Outputs. Yang–Mills equations $D_\mu F^{a\mu\nu} = 0$ in the current-free sector (SM phenomenology); the coupled $G_{\mu\nu} = 8\pi G_N T^{\mathrm{YM}}_{\mu\nu}$ (gravitational-wave phenomenology, Q13); the $a_6$ cross-coupling identified (future precision tests); the joint EBI functional (astrophysical applications, conditional on [H-ext]); the structural hierarchy ratio $G_N g_{\mathrm{YM}}^2 \ll 1$ (hierarchy problem); the spectral prediction that fermionic structure should appear at a dedicated Dirac-type spectral level — the direct structural motivation for the fermionic matter sub-programme (Presentation Note 6, Q14).
Status
The bosonic dynamical sector is closed structurally.
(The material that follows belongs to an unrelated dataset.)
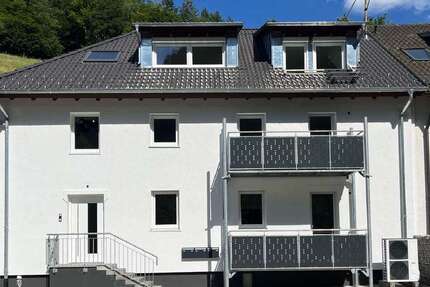 Haus Münstertal/Schwarzwald Schwarzwald - 10 Zimmer, 249 m&sup2;, 990.000&euro; | Angebot:25257630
The $a_4$ heat-kernel derivation of Yang–Mills (Q12 §4) and the horizontal–vertical decoupling Lemma 1 are proved unconditionally. The Yang–Mills equations (Q12 Theorem 1), the UV hierarchy (Q12 §6), the coupled Einstein–Yang–Mills system (Q13 Theorem 3.2), the $a_6$ cross-coupling (Q13 Theorem 4.1, with normalisation open), the structural hierarchy ratio $G_N g_{\mathrm{YM}}^2 \ll 1$ (Q13 Proposition 6.1), and the spectral stratification principle are structural. The Eddington–Born–Infeld joint completion (Q13 Theorem 5.3) is conditional on Hypothesis [H-ext] (admissible coherence extensivity). Per O31 Proposition 4.23, the gauge group $G_\Pi = \mathrm{SU}(3) \times \mathrm{SU}(2) \times \mathrm{U}(1)$ is an unconditional input at the pointwise level, so the $a_4$ Yang–Mills derivation holds unconditionally for the full Standard Model gauge group. Three items remain open: the $a_6$ phenomenological normalisation, the analytical proof of [H-ext], and the coupled equations with fermionic matter currents from Note 6 (Q14).